This has partly spurred a group of European politicians and activists to call for a Europe-wide inquiry into Facebook.

Facebook Didn't Uphold Political Ads Policy, Rights Group Says
Facebook Inc. logos are displayed on computer screens in Tiskilwa, Illinois, U.S.(Photographer: Daniel Acker/Bloomberg)

(Bloomberg) -- Facebook Inc. bought newspaper ads, shipped top executives to Europe, and briefed officials to show it was doing everything it could to prevent manipulation in May’s European elections.

But a Dutch digital rights organization has said it could easily buy and target political posts to voters in other countries, in spite of the social media giant’s stated policies geared at preventing foreign interference in the elections.

“Facebook enabled us to influence German voters using a Dutch Facebook account and Dutch bank account. Election manipulation through Facebook? Piece of cake,” the Dutch organization Bits of Freedom said in a video on its website, showing its tests of the ads policies.

The organization’s findings have partly spurred a group of European politicians and civil society activists to call for a Europe-wide inquiry into tech platforms’ impact on elections.

“This is one indication that promises made did not lead to sufficient improvements,” the group said in a June 5 letter addressed to the leaders of the European Union’s three lawmaking institutions: the European Commission, Parliament and Council.

In an emailed statement, a Facebook spokeswoman said: "deciding whether an ad is political isn’t always straightforward. Our systems would be more effective if regulation created common standards for verifying political actors."

The social media giant has been scrambling over recent years to contain blowback from findings that Russians and others used the platform to meddle in elections in the U.S., Europe and elsewhere. Facebook has also recently started calling for coordinated regulation around election integrity and other issues, saying it shouldn’t make so many important decisions about speech and what constitutes political advertising on its own.

At the end of March, Facebook expanded on measures it had put in place in several countries and said it would begin vetting the identities of political advertisers in Europe and displaying who paid for specific ads. It also said it would require any advertiser wanting to run ads in a particular country relating to the European elections to prove residence in the same country.

Roughly two weeks before the European parliamentary elections at the end of May, Bits of Freedom uploaded a German political meme related to the German far-right political party AfD and the center-right Christian Democrats.

Using a Dutch Facebook account and Dutch bank account, Bits of Freedom said it could target the post to German residents, 18 years and older, in the north-western city of Bielefeld. Facebook additionally suggested it target people with interests in “nationalism” and the “military,” according to an emailed statement from the Dutch digital rights group. Within days, the meme had sparked 62 reactions and 16 comments from German Facebook users and more than 2,000 people had engaged with it.
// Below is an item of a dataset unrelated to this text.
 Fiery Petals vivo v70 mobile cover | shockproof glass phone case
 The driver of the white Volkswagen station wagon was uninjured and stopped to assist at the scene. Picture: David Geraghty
In the elections that concluded on May 26, pro-EU powers kept control of the European Parliament, following a surge in support for liberal and green parties in Germany, France and the U.K. Populists won a majority of the national vote in France, Italy and the U.K., but failed to make the broader gains that many polls had projected.
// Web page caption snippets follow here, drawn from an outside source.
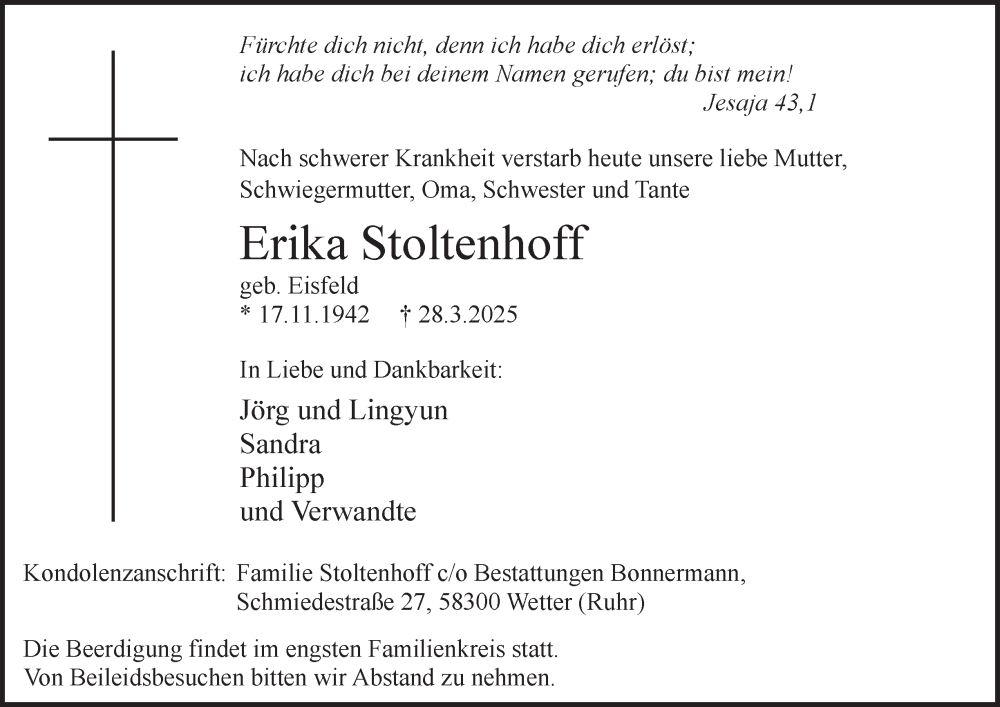  Traueranzeige für Erika Stoltenhoff vom 05.04.2025 aus Tageszeitung
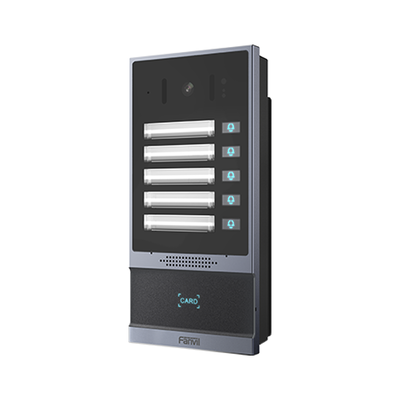Videoportero IP / 2 Megapixel / 5 Botones de Marcación Rápida / IP66 - IK07 / PoE / Control de Acceso RFID / Anti-Vandálico
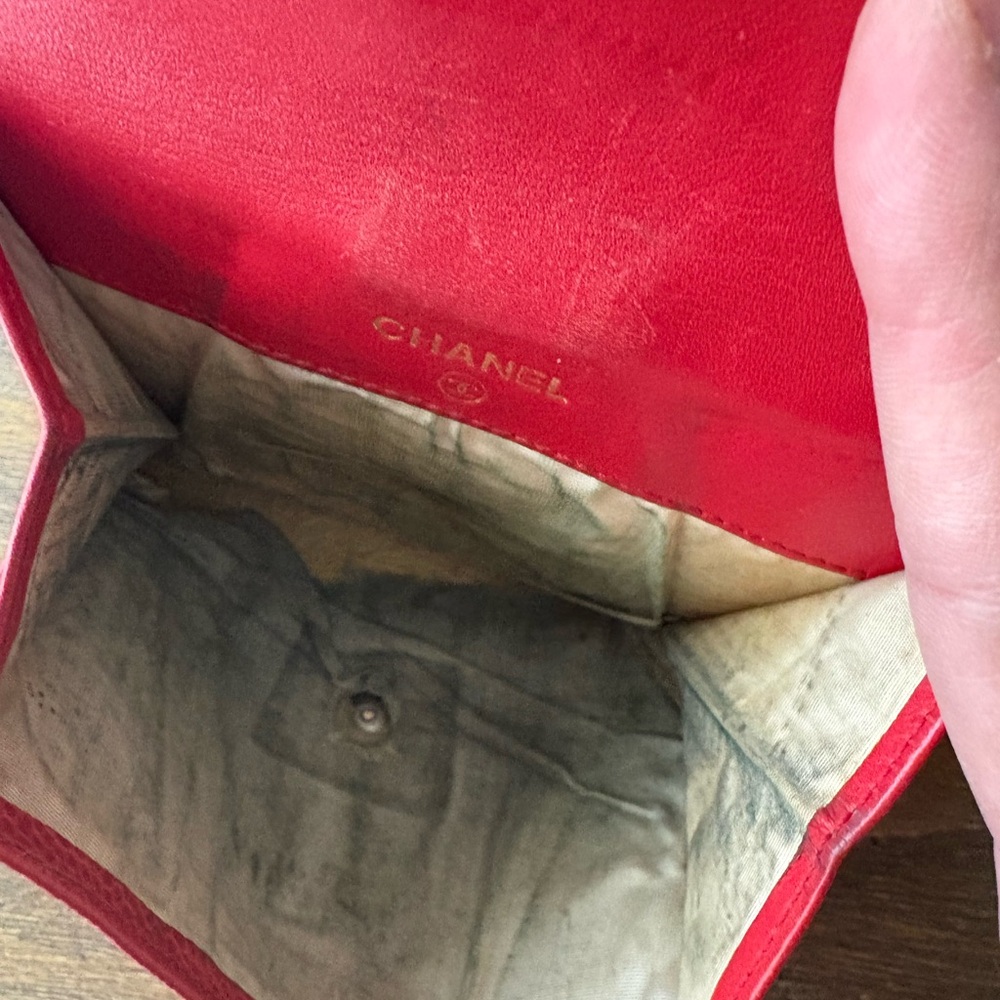 VINTAGE CHANEL WALLET Red Italy - Picture 10 of 17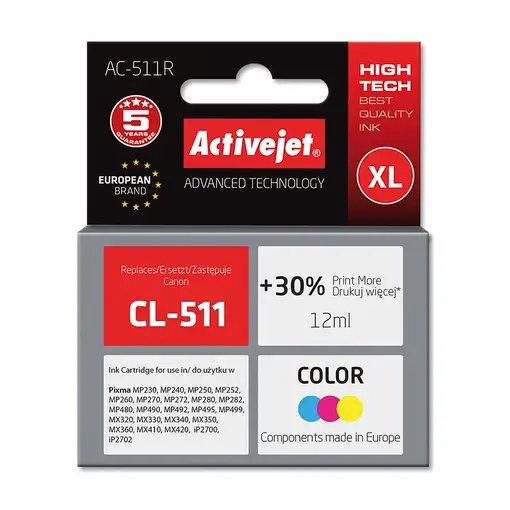 Activejet Tinta AC-511R (Canon CL-511 replacement; Premium; 12 ml; color)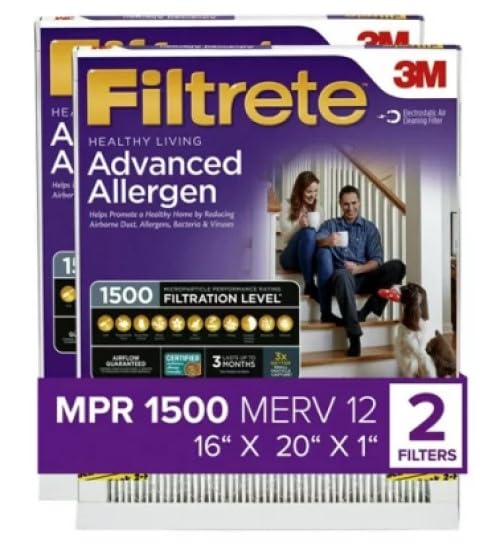 Filtrete 16x20x1 Air Filter MPR 1500 MERV 12, Healthy Living Ultra Allergen, 2-Pack (exact dimensions 15.69x19.81x0.78)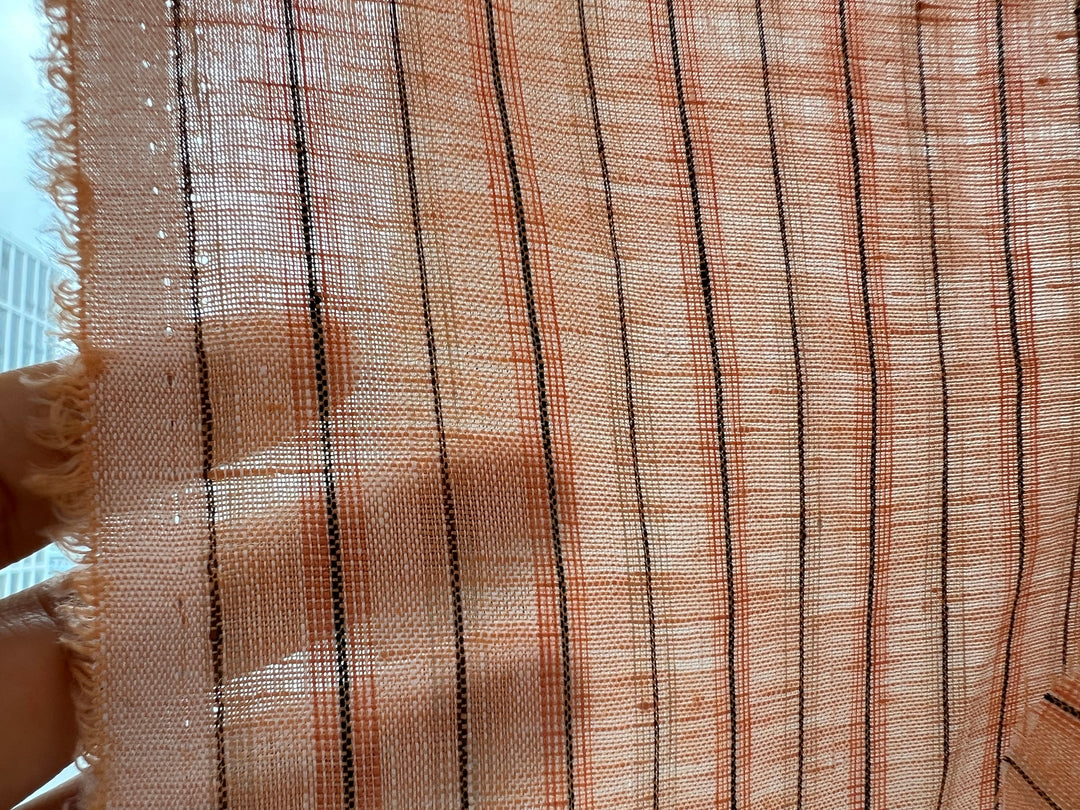 100% Linen Fabric – Light Orange with Dark Grey Stripes, Lightweight, Pre-Washed 3768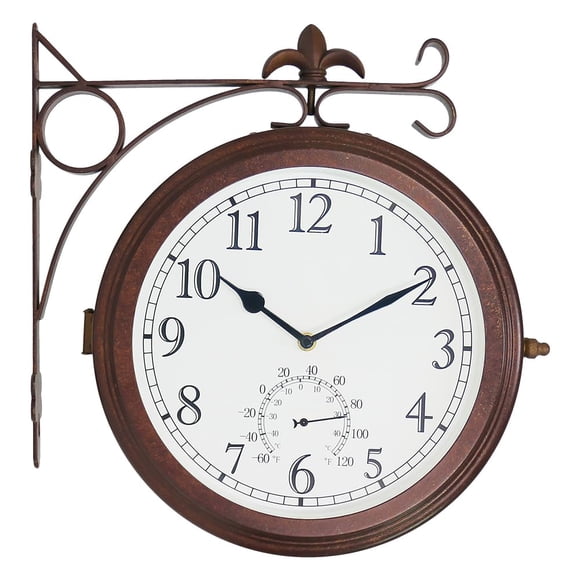 RELOJ DE PARED BESTIME 25 cm Doble Cara Metal Antiguo Rojo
Nad’a Kovalcikova, program manager of the Alliance for Securing Democracy at the German Marshall Fund in Brussels, said her team had seen some narratives depicting migration as a threat and portraying the EU in a negative light in some eastern European countries, but the posts had also appeared before election campaigning had begun.
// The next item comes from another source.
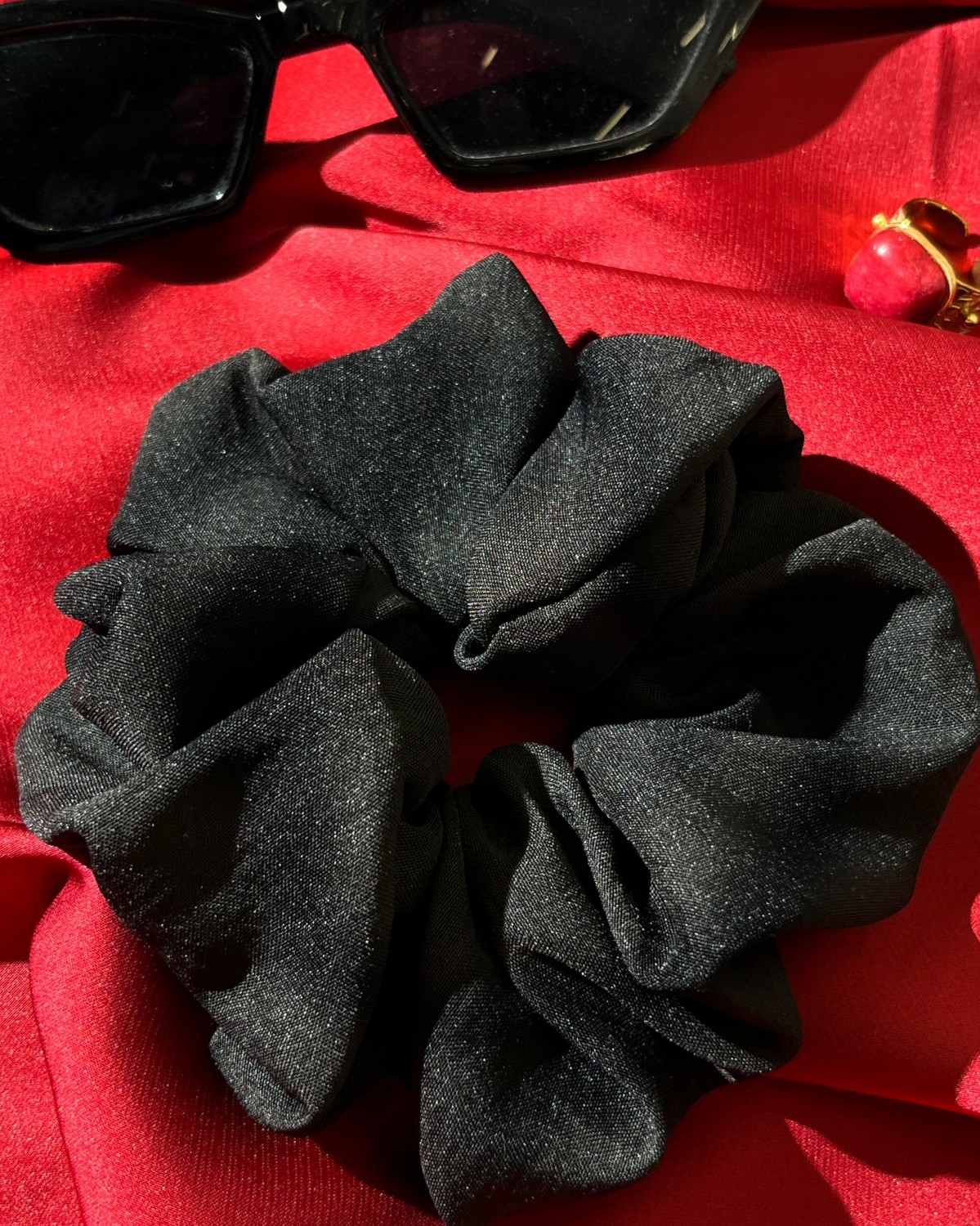 Scrunchie Rayon Μαύρο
“It’s a bit too early to assess it properly,” Kovalcikova said of possible manipulation of voters on social media platforms.

Still, the group of liberal, center-left and center-right politicians, and other individuals -- including former NATO Secretary General Anders Fogh Rasmussen and former Estonian president Toomas Hendrik Ilves -- said in the letter that tech platforms’ self-regulatory efforts were insufficient and that “oversight and accountability need to improve.”

In the letter, the group proposed to form a committee of parliamentarians both from national parliaments and from the European Parliament, in order to be able to take testimony from witnesses. The goal would be to gather detailed information and evidence to “help inform future steps and possible regulations.”

In reaction, Facebook said “we agree that industry self-regulation is not a sufficient response to the challenges presented by online political advertising," adding there is "an urgent need" for legislation to be updated. That would provide clarity for both political advertisers and platforms to ensure elections are conducted properly, it said.

The call for the inquiry comes as Europe is still deciding who will get the bloc’s top jobs for the next legislative term. Separately, the U.S. House on Monday said it plans a bipartisan investigation into whether digital platform companies are using their market power to harm competition.